Wednesday, October 22, 2008

BEING A WIFE

Bible Study has progressed to our lesson on Being A Wife. Much of what is being discussed speaks to my heart, but speaking the loudest is this - LOVE IS AN ACTION. 7 1/2 years of marriage and I don't think I've ever really thought of it that way. It is something I have to learn and I discovered that God has been preparing me for this lesson, making my heart teachable, for at least a week.

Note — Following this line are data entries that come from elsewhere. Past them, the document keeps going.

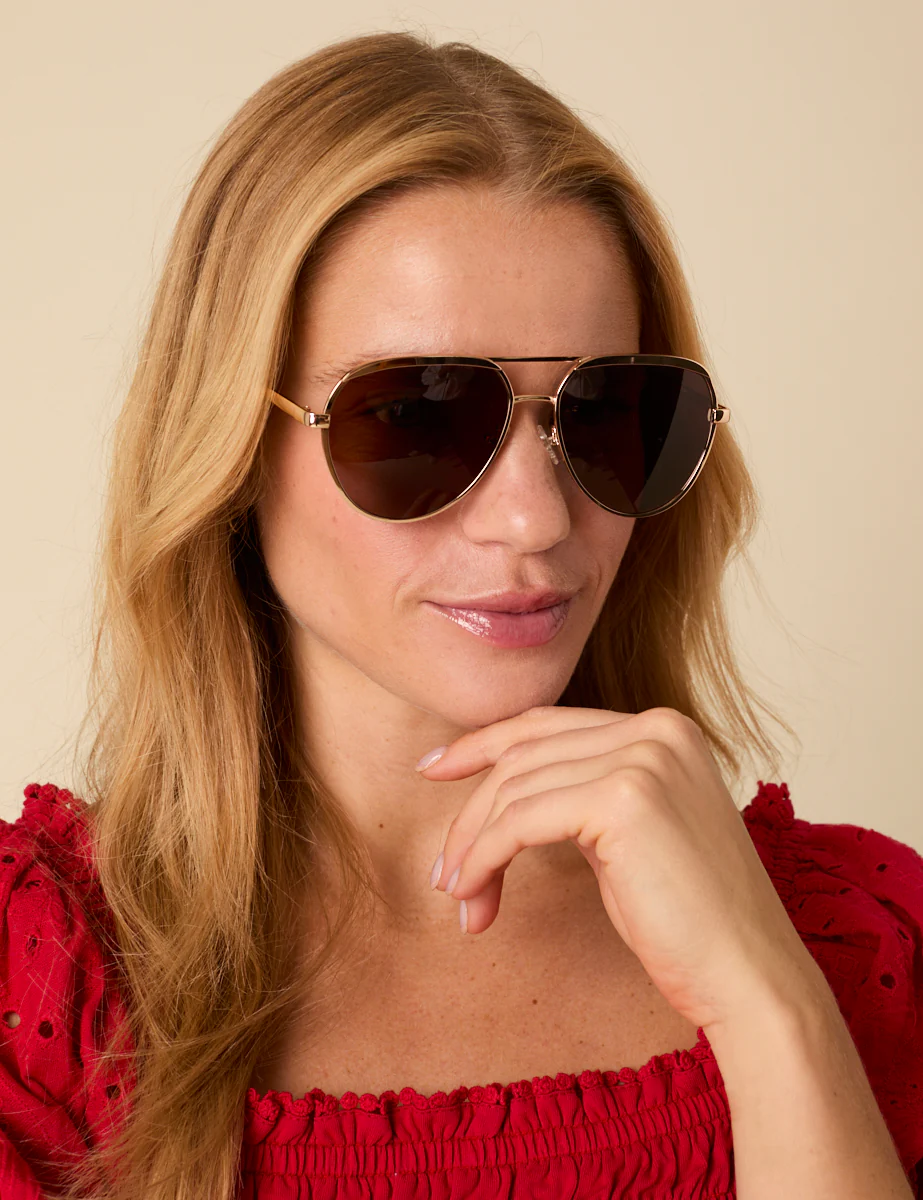 Gold Aviator Amelia Sunglasses - Image 4
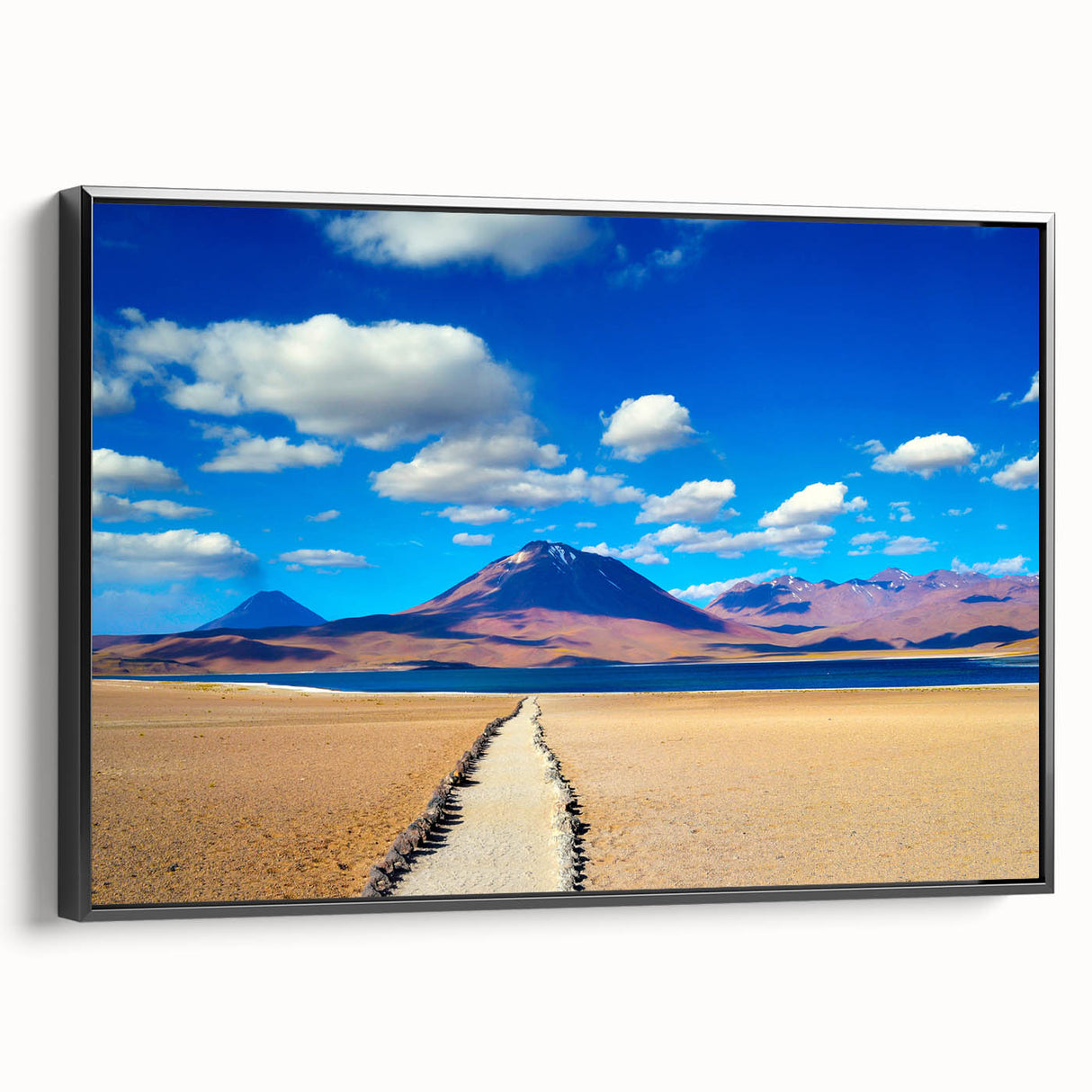 Black and white wall art featuring a Bolivian landscape on framed canvas, suitable for bedroom decor.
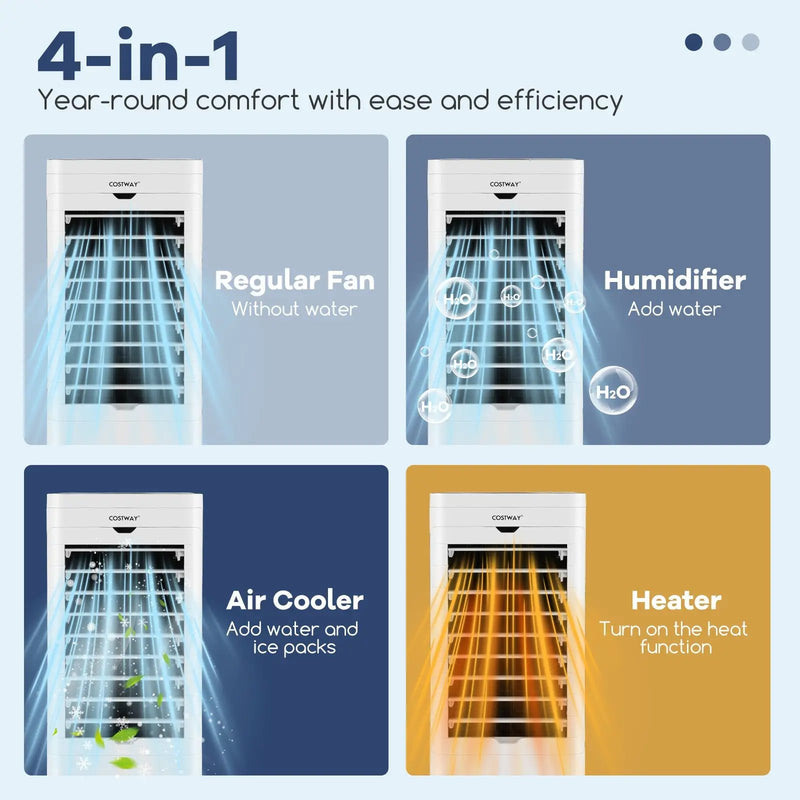Evaporative Air Cooler and Heater with 3 Modes 3 Speeds and 2 Ice Boxes-White by DirectDeals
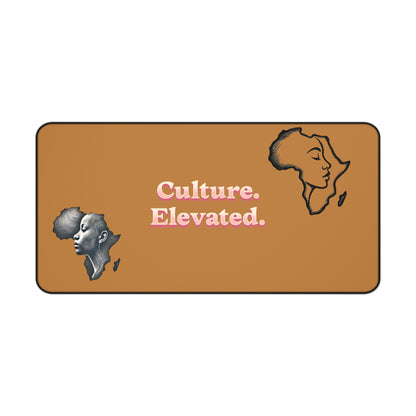 Culture Elevated Desk Mat — African Map & Typography Office Mousepad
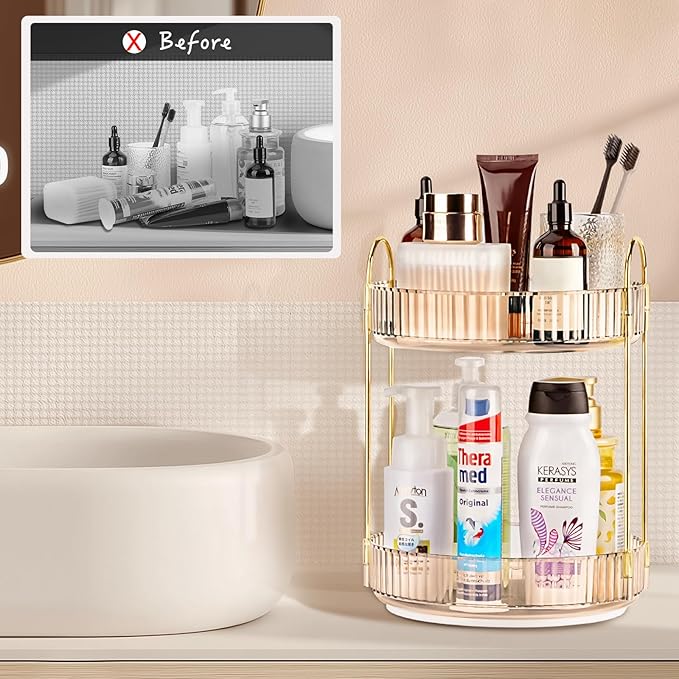360 Rotating Makeup Organizer - Large Capacity Spinning Perfume & Cosmetic Skincare Holder for Vanity & Countertop (Vibrant O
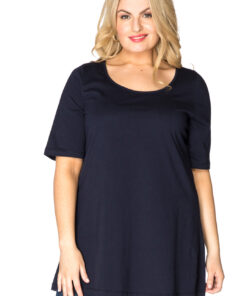 YOEK Tuniek flare | Grote maten tuniek | Blauw | Maat 42/44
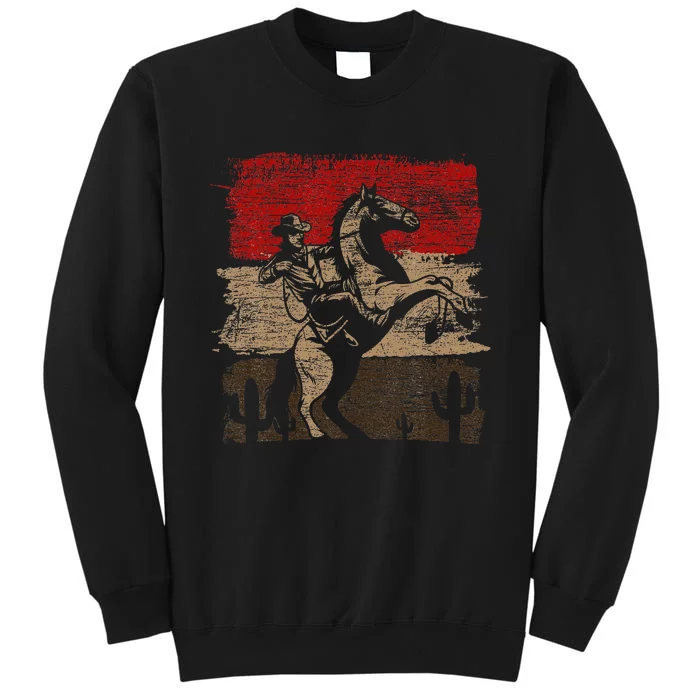 Retro Horse Riding Western Cowboy Tall Sweatshirt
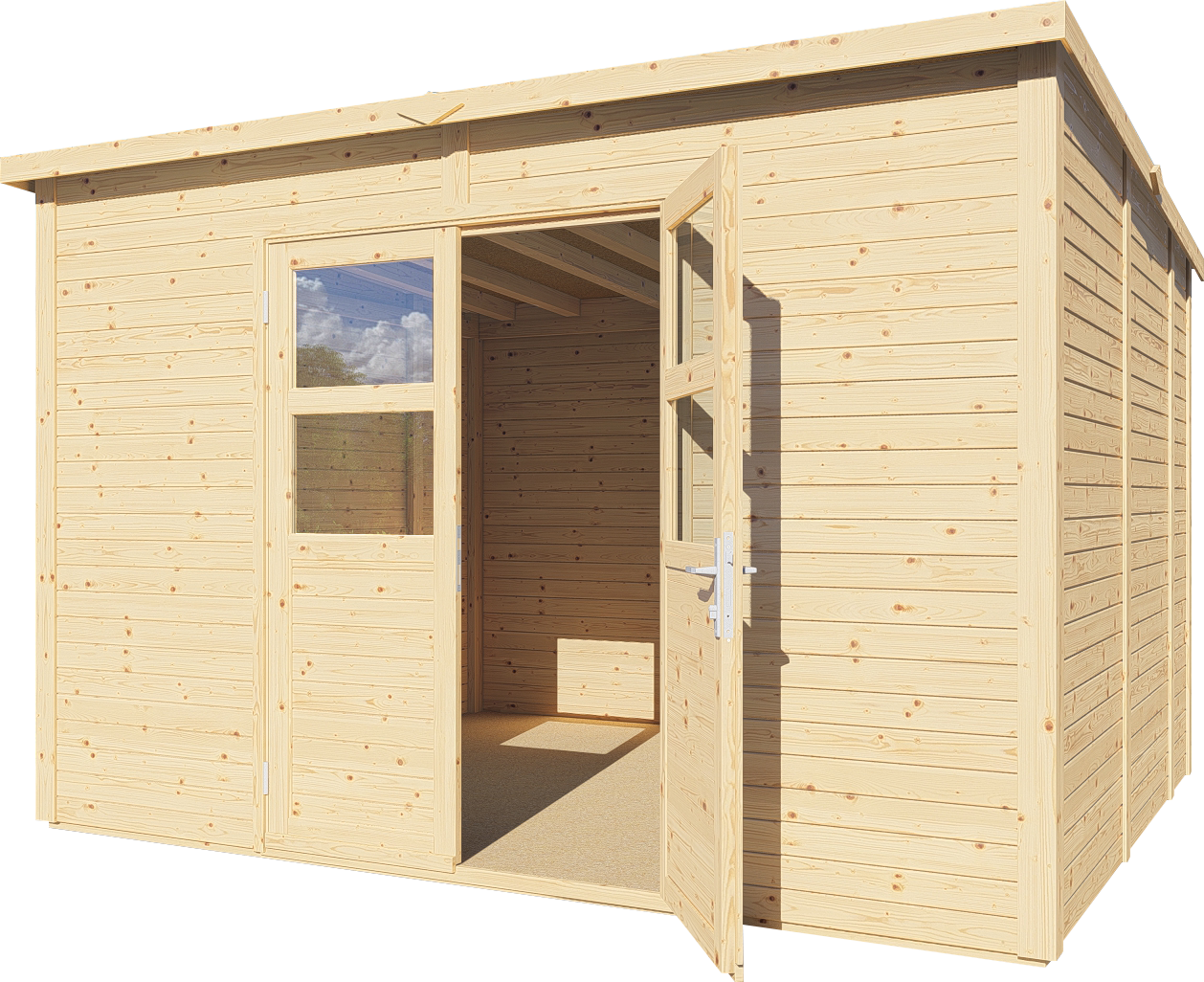 BERTILO Gartenhaus »Baltrum 2 naturbelassen«, mit Fußboden, Fenster und Doppeltür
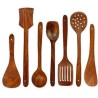 Nohunt Wooden Natural Wood Spoon & Spatula Set of 7 2 Frying 1 Serving 1 Spatula 1 Chapati Spoon
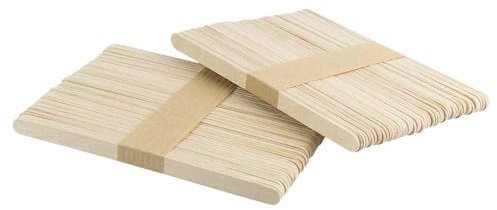 Ideen mit Herz Lot de 100 bâtonnets en bois - Spatules en bois - Spatules en bois - Idéal pour bricoler, cirer, faire de la glace soi-même - 13,8 cm de long - 0,9 cm de large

While in the bookstore last week I purchased The Love Dare, a book based on the movie Fireproof. Fireproof, is the story of a firefighter who uses a 40-day experiment (the love dare) to save his failing marriage. The book is a "40-day challenge for husbands and wives to understand and PRACTICE unconditional love." I flipped through the book at the counter and thought it would be a fun exercise one that I would breeze through, because I’m already the perfect wife. I didn’t even tell Larry, I was just going to surprise him with 40 days of uninterrupted kindness. Well, I had no idea that not even ten pages in, it would reveal to me that I’m not so perfect after all. My confession to you is that I haven't even made it past Lesson 1 – Patience:

"Love is Patient. The first part of this dare is fairly simple. Although love is communicated in a number of ways, our words often reflect the condition of our heart. For the next day, resolve to demonstrate patience and to say nothing negative to your spouse at all. If the temptation arises, choose not to say anything. It's better to hold your tongue than to say something you'll regret."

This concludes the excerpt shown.